(Records drawn from a dataset)

━━━━━━━━━━

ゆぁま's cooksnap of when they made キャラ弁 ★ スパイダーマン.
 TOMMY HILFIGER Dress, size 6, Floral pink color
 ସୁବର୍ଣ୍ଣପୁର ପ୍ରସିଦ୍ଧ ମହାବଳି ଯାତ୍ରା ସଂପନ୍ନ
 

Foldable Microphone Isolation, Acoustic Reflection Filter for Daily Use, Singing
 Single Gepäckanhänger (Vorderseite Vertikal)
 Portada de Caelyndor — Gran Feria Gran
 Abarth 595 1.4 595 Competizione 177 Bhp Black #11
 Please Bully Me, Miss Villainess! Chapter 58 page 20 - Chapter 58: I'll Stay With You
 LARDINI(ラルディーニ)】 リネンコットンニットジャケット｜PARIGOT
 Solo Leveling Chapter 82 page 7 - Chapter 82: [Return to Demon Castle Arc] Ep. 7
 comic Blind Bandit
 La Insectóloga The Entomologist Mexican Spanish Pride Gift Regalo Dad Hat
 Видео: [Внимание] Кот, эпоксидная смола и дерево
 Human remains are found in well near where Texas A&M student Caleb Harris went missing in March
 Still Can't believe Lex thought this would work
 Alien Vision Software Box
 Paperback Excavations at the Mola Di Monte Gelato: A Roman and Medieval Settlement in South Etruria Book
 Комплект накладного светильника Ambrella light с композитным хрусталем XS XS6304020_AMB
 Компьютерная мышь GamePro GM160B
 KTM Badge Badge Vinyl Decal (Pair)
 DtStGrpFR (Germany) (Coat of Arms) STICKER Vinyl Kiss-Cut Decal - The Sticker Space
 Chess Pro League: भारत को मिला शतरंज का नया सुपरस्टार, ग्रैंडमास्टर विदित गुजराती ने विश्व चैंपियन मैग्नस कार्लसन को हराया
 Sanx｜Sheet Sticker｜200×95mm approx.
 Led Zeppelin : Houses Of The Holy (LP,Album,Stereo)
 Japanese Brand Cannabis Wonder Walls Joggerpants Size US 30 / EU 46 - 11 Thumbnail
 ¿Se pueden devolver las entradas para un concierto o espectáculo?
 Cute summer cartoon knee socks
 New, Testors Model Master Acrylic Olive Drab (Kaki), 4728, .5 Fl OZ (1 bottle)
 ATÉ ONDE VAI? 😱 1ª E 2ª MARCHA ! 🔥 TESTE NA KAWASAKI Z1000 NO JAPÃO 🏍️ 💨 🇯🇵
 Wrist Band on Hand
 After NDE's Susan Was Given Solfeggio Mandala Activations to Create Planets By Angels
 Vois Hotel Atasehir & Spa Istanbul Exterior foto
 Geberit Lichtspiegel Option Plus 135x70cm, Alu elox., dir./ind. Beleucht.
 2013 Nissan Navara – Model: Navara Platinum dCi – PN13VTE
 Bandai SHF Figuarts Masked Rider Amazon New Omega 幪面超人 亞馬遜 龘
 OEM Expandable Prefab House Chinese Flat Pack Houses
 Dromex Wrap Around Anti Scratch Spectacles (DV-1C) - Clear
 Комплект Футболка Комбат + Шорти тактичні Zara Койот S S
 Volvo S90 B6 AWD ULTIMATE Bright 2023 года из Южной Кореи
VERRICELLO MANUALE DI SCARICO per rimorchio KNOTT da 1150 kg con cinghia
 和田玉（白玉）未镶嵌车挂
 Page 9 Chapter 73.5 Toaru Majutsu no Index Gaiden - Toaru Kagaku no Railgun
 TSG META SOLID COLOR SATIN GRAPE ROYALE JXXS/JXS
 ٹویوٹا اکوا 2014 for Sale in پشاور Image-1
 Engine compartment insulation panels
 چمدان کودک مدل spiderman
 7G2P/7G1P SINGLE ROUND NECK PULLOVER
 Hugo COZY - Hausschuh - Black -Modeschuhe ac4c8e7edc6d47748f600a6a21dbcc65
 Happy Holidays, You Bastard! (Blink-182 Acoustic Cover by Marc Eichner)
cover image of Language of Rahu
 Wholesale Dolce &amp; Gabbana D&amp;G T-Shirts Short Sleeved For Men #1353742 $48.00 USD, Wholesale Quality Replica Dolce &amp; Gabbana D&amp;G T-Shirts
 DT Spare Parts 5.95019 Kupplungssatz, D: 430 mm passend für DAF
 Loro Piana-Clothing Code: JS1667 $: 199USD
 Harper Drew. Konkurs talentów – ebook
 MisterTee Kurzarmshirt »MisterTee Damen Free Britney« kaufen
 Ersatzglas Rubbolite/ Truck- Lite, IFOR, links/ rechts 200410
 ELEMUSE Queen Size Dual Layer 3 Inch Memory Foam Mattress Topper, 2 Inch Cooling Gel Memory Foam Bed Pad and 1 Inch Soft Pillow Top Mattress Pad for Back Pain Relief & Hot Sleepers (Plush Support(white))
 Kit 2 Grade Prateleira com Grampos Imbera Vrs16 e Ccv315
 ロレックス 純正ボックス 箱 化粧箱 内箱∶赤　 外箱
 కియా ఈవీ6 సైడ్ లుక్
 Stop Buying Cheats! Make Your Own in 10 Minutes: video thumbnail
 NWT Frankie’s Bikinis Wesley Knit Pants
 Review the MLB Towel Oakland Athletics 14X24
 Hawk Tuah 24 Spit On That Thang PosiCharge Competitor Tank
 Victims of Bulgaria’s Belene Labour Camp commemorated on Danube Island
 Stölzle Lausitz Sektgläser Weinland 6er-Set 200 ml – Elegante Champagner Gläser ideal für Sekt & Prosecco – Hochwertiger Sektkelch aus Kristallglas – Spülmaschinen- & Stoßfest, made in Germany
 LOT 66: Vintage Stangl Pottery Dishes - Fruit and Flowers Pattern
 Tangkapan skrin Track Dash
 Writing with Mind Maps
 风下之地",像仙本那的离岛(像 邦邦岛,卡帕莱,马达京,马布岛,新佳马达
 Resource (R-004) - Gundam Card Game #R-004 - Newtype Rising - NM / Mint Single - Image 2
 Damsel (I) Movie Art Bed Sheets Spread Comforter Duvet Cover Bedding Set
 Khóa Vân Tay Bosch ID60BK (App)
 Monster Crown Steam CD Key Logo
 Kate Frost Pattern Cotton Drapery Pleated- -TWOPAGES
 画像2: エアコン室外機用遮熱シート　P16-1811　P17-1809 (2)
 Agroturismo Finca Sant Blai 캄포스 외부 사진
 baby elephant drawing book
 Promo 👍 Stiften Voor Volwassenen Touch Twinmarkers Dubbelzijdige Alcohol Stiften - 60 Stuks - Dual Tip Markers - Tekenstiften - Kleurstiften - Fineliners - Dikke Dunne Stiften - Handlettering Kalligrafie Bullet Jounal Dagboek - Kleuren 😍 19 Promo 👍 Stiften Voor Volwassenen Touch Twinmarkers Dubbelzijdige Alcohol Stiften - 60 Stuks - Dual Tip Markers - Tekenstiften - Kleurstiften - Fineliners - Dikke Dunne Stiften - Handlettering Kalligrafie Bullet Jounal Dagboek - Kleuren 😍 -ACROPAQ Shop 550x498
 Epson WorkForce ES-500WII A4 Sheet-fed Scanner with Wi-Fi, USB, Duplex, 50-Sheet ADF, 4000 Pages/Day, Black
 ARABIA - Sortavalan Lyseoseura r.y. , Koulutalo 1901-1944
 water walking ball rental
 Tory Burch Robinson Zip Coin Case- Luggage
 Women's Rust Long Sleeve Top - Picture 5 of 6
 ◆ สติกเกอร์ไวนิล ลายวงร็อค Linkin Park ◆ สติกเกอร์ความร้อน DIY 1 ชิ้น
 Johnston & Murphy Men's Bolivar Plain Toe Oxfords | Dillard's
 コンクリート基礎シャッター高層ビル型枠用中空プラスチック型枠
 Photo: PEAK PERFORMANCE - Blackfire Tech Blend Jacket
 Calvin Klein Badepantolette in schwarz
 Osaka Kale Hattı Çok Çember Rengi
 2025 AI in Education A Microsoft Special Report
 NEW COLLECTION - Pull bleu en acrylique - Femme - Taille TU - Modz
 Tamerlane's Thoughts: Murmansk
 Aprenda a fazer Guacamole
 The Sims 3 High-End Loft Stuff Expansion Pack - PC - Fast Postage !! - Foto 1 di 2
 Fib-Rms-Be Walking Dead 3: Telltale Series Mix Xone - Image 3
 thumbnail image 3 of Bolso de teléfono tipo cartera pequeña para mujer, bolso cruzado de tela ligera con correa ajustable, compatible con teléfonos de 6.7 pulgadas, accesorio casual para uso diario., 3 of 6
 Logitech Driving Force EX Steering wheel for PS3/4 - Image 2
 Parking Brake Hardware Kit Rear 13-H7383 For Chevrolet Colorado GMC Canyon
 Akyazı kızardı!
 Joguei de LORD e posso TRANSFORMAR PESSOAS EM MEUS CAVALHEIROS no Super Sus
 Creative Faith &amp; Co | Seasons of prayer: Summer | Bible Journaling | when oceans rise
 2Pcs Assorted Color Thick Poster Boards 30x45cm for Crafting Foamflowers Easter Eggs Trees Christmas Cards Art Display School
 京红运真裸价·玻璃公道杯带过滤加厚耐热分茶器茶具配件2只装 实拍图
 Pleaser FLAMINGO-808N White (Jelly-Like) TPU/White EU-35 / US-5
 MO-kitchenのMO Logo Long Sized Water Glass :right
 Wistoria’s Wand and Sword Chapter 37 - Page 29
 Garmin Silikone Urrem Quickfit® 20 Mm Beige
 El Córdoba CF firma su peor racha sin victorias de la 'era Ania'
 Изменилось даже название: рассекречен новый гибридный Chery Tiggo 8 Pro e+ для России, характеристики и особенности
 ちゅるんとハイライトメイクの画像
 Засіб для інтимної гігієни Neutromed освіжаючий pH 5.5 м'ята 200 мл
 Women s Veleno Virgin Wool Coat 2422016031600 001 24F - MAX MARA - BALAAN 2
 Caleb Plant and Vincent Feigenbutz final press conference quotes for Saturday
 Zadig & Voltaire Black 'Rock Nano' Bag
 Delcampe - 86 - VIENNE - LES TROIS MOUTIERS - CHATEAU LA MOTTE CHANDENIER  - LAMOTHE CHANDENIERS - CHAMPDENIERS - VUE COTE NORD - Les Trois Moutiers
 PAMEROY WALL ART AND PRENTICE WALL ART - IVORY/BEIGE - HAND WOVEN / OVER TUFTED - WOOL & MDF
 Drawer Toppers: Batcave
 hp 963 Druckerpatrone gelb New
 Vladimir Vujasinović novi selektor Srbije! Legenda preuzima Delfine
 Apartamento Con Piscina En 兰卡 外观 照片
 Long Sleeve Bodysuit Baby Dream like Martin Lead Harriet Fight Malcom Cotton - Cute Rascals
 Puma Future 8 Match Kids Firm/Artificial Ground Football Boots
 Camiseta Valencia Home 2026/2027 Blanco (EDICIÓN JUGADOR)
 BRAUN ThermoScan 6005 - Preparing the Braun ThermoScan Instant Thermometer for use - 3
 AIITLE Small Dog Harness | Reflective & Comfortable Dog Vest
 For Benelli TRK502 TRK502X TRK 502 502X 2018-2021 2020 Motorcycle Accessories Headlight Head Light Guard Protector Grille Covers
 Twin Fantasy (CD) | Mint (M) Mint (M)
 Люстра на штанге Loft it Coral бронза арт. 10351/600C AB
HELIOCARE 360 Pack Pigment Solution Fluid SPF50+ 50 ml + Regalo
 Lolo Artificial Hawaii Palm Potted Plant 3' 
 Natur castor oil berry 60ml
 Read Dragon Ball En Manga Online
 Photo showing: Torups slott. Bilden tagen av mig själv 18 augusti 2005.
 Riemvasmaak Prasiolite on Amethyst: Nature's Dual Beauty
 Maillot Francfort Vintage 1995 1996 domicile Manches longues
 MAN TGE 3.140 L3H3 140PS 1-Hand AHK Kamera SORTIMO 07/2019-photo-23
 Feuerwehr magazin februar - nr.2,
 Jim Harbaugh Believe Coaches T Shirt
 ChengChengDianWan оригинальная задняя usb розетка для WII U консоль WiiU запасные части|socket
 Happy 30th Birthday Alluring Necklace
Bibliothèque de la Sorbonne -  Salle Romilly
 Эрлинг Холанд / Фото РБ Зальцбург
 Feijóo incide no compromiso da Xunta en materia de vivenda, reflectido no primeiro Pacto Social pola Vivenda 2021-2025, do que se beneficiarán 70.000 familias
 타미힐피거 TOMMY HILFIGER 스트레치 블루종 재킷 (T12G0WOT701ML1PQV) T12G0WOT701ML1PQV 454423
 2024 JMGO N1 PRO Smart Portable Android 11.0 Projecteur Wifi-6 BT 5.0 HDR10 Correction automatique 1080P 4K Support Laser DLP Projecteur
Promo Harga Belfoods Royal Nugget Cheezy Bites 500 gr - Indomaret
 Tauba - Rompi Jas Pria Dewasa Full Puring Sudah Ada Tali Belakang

━━━━━━━━━━

**ACTIVITY:** Report the number of lines in the entries above that include the string "Pattern". Give nothing but the number.

**SOLUTION TO THE PROBLEM:** 2